I was seriously ready to tip my hat to Creationist Ken Ham for pulling a fast one over all of us.
He has to know that atheists read what he says, and he must have decided, “Wouldn’t it be funny if I said something really crazy? Those atheists would believe it because they’re not real skeptics, and I’d have a good laugh at their expense.”
That had to be the reason for this tweet:
The premise of that tweet (and the article it linked to) was that the supposed existence of non-stick frying pans 2,000 years ago proves that technology is always improving… so of course Noah’s Ark could have been built as large and sturdy as the Bible story suggests:
The truth is that we don’t know what kind of technologies Noah had — details are not given in the Bible…
A recent discovery made in Italy sheds more light on the intelligence of our ancestors. If you cook, you probably know the frustration of everything sticking to your frying pan. Well, people 2,000 years ago did too! So they invented non-stick frying pans. Found in a garbage dump near Naples, the high-quality pottery pans featured a “red-slip coating” to keep food from sticking.
Our ancestors, descendants of Adam and Eve and made in God’s image just like us, were every bit as intelligent as we are (probably even more so). They ran into problems and came up with innovative solutions to solve these problems, just like we do. There’s no reason to assume that they couldn’t do amazing things like build an Ark for the saving of mankind.
First of all, you could say that the development of language and writing, which took place long before the Greatest Frying Pan in History™, was far more important of a technological advance. But if the Pan is roughly 2,000 years old, it’s worth pointing out that Young Earth Creationists peg the Great Flood as occurring about 4,400 years ago. Somehow, the amazing technology that produced the Ark advanced so much in the next two millennia that we finally got around to making sure food doesn’t stick on our pans.
It’s more relevant to point out that having awesome technology for your time still doesn’t resolve the biggest logical flaws with the Noah’s Ark story.
- Pairs of all the animals in existence simply couldn’t have fit on the Ark.
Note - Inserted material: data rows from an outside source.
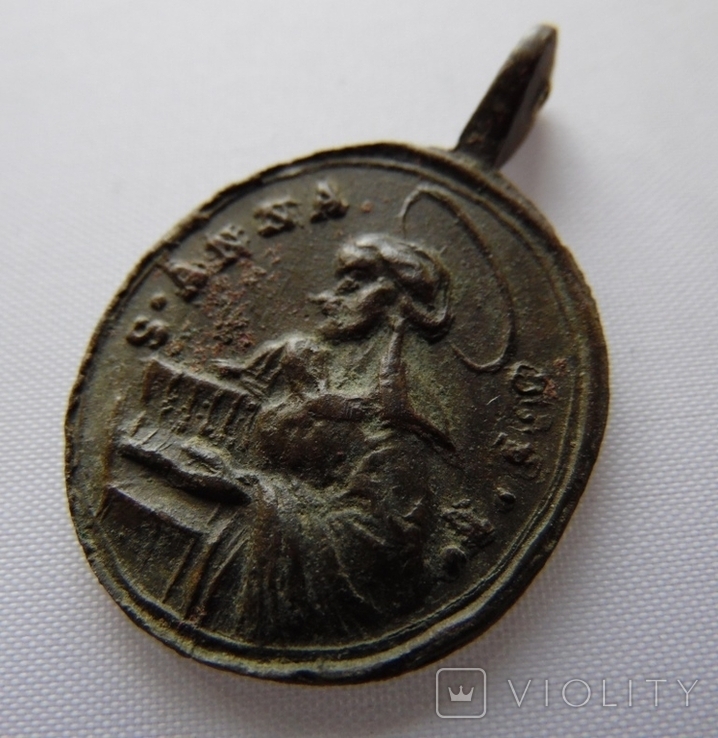 Старинный религиозный медальон св.Анна, фото №4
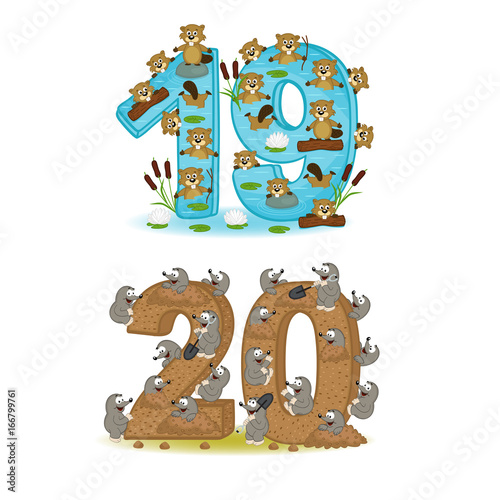 set of numbers with number of animals from 19 to 20 - vector illustration, eps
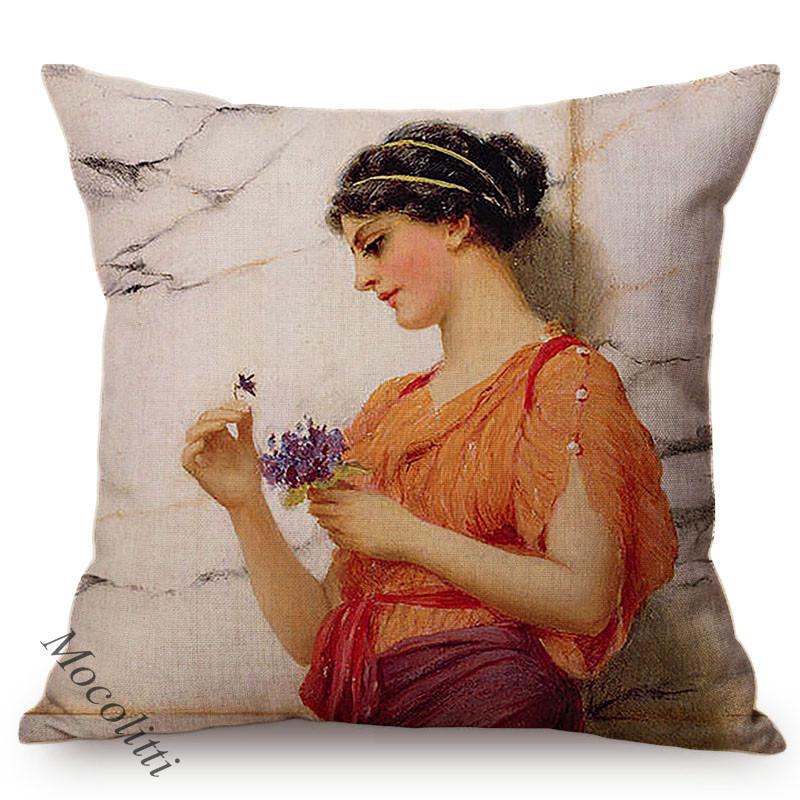 Woman In Love Vintage Oil Painting Art Pillow Case Beautiful Girl Reading Love Letter Sofa Decorative Cushion Cover Cojines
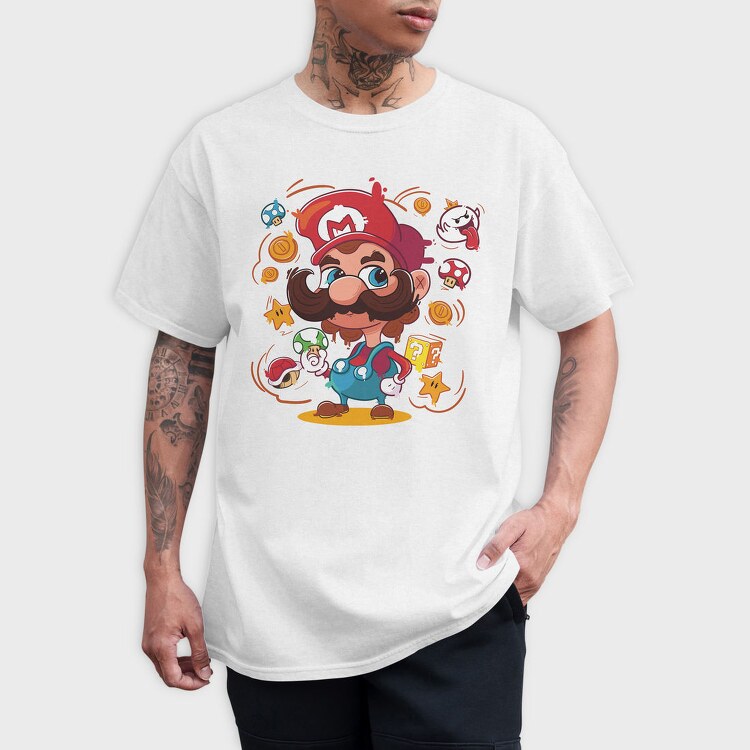 Mario Mustache Madness, Tricou Barbati (Unisex)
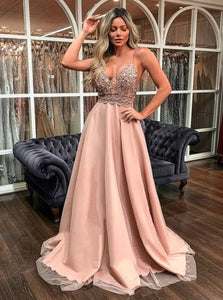 A Line Spaghetti Straps V Neck Appliques Beadings Tulle Prom Dresses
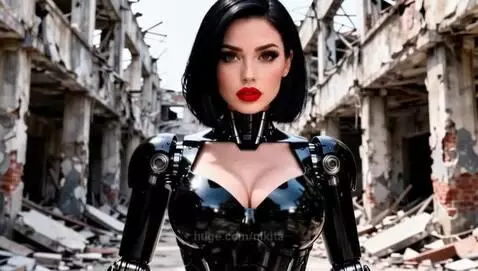 Female cyborg in a black suit fighting a large robot resembling Megatron amidst city ruins.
- You wouldn’t have enough food for the trip’s duration unless they all began eating each other.
- How do you explain all the terrestrial plants? Were they on the ship, too?
- What about the animals that are natural enemies or who can’t live in the same climate as each other?
- There’s no evidence of a universal flood as described by the Bible.
But fuck it. A non-stick Frying Pan proves Noah’s Ark totally could’ve happened.
He’s just kidding, right? As far as I can tell, no. He’s completely serious. He sincerely believes everything he’s saying.
April Fools Day doesn’t matter when everything you say is a joke.